IN THE COURT OF CRIMINAL APPEALS

OF TEXAS




NO. 73,927



EX PARTE ANTHONY CHARLES GRAVES, Applicant






ON APPLICATION FOR A WRIT OF HABEAS CORPUS

FROM BRAZORIA COUNTY


Holcomb, J., delivered a dissenting opinion, in which Price and Johnson, JJ., joined.



DISSENTING OPINION





This case is not about cognizability. Rather, it is about whether Article 11.071 of the Texas Code of Criminal Procedure should be interpreted to afford a death row inmate one full and fair opportunity to present whatever claims he may have with the effective assistance of counsel. I conclude that it should be so interpreted.

When we interpret statutes, we are constitutionally required to effectuate the collective intent or purpose of the legislators who enacted the legislation. Boykin v. State, 818 S.W.2d 782, 785 (Tex.Cri.App. 1991). Where the language of a statute is unambiguous, we ordinarily give effect to that unambiguous meaning. Ibid. Where the language of a statute is ambiguous, we may consider extratextual factors in arriving at a reasonable interpretation. Ibid.

Article 11.071, by its explicit terms, limits a death row inmate to one application for a writ of habeas corpus, except in certain circumstances not relevant here. Art. 11.071, 5(a). Article 11.071 also guarantees that a death row inmate will have "competent counsel" to assist him in the preparation and presentation of his one application. Art. 11.071, 2(a). Does Article 11.071's ambiguous guarantee of "competent counsel" mean counsel likely to render, and rendering, effective assistance, or does it merely mean counsel who appears qualified at the time of appointment?

The only sensible interpretation of "competent counsel" is the traditional one: counsel reasonably likely to render, and rendering, effective assistance. This is so for several reasons. First, the guarantee of the effective assistance of counsel is what makes the one-application limitation comport with traditional notions of fair play and substantial justice. Second, nothing is more firmly established in our law than that the right to counsel means the right to the effective assistance of counsel. Accord, Evitts v. Lucey, 469 U.S. 387, 395-397 (1985); Iovenio v. Comm'r of Correction, 699 A.2d 1003, 1010 (Conn. 1997); Dunbar v. State, 515 N.W.2d 12, 14-15 (Iowa 1994); Com. v. Albert, 561 A.2d 736, 738 (Pa. 1989); Jackson v. Weber, 623 N.W.2d 71, 74 (S.D. 2001). Article 11.071's guarantee of "competent counsel" would be a cruel joke if it did not comprehend the right to the effective assistance of counsel. The Legislature could not have intended a cruel joke.

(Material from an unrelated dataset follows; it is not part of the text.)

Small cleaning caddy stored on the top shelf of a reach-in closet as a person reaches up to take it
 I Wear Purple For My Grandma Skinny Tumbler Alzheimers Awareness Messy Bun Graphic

Third, this interpretation of the "competent counsel" guarantee is consistent with what we know of the legislative history of Article 11.071. For example, Representative Gallego stated the following to the House of Representatives at the time the statute was adopted:

[W]e tell individuals [in this statute] that everything you can possibly raise the first time, we expect you to raise it initially, one bite of the apple, one shot.... What we're attempting to do here is to say, "Raise everything at one time." You get one bite of the apple. If you have to stick the kitchen sink in there, put it all in there, and we will go through those claims one at a time and make a decision. But none of this every-week-you-file-a-new-petition which is currently basically what happens.... The idea is this: You're going to be able to fund counsel in these instances, and we are going to give you one very well-represented run at a habeas corpus proceeding. And unless you meet a very fine-tuned exception, you're not going to be able to come back time after time after time.



Statement of Rep. Pete Gallego, May 18, 1995.

Finally, this interpretation of the "competent counsel" guarantee is consistent with this Court's recognition that "this entire statute [i.e., Article 11.071] is built upon the premise that a death row inmate does have one full and fair opportunity to present his [habeas] claims." Ex parte Kerr, No. 35,065-04, ___S.W.3d___, ___ (Tex.Crim.App. - Jan. 2, 2002) (emphasis in original). Certainly, a death row inmate's one opportunity to present his habeas claims is not "full and fair" if his counsel renders ineffective assistance.

The apparent intent of the Legislature in enacting Article 11.071 was to give death row inmates one full and fair opportunity, with the effective assistance of counsel, to present whatever claims they may have in an application for a writ of habeas corpus. If, because of the ineffective assistance of counsel, a death row inmate is cheated of his one full and fair opportunity to present his claims, then the apparent intent of the Legislature is thwarted. Therefore, in order to give effect to the apparent intent of the Legislature, a death row inmate must be given one additional opportunity (but no more than one) to demonstrate that his original habeas counsel rendered ineffective assistance in failing to assert one or more claims.

In my view, Article 11.071 affords applicant an opportunity to demonstrate that his original habeas counsel rendered ineffective assistance in failing to assert the claims in question. Because the majority holds otherwise, I respectfully dissent.